# Recorded information
=== Section Start ===
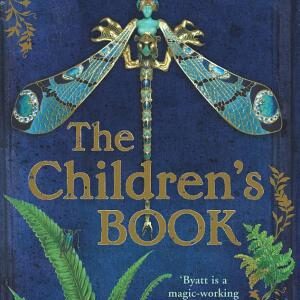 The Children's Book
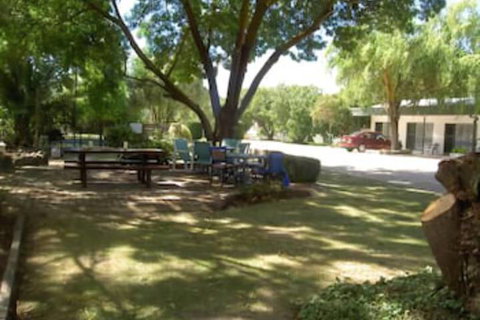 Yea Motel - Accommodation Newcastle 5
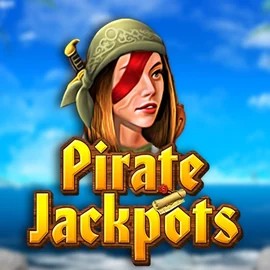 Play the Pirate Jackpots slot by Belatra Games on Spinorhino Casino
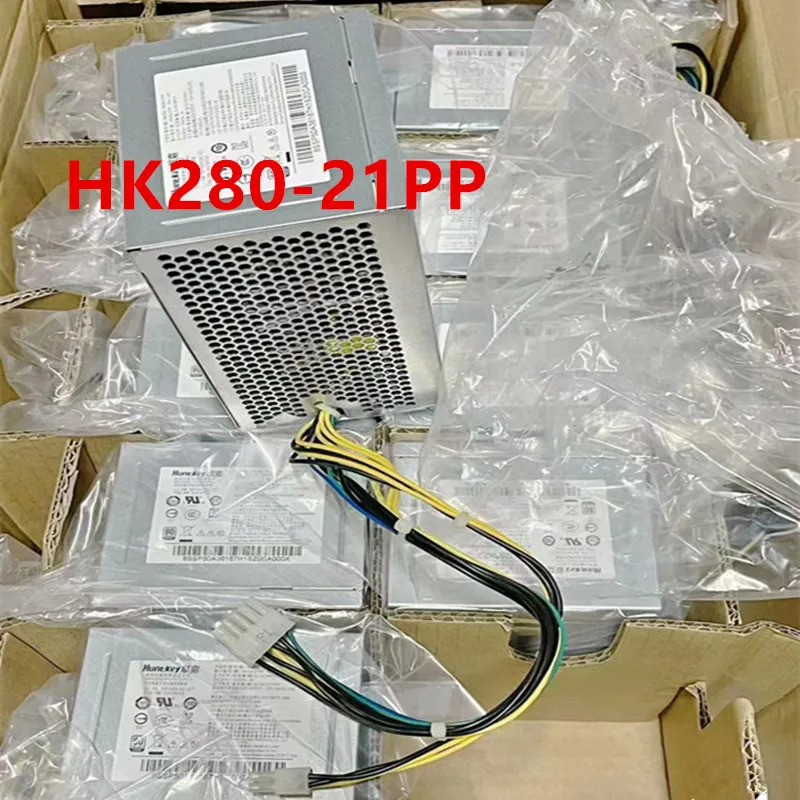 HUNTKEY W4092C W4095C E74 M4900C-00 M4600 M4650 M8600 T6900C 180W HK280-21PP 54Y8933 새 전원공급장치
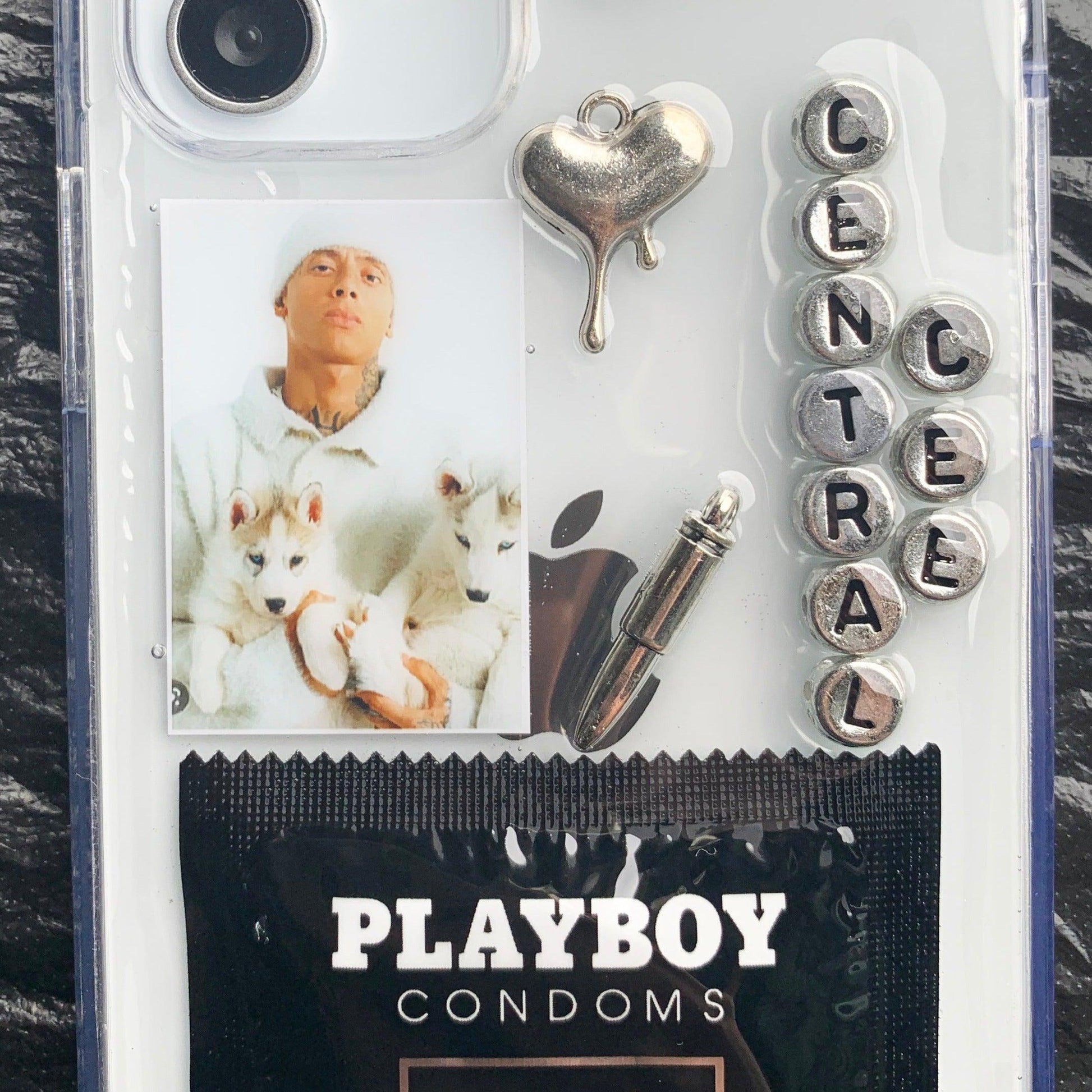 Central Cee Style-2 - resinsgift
=== Section End ===
# What this task involves
If an entry contains an image, please omit that image and print everything else verbatim.

# Answer area
 The Children's Book
 Yea Motel - Accommodation Newcastle 5
 Play the Pirate Jackpots slot by Belatra Games on Spinorhino Casino
 HUNTKEY W4092C W4095C E74 M4900C-00 M4600 M4650 M8600 T6900C 180W HK280-21PP 54Y8933 새 전원공급장치
 Central Cee Style-2 - resinsgift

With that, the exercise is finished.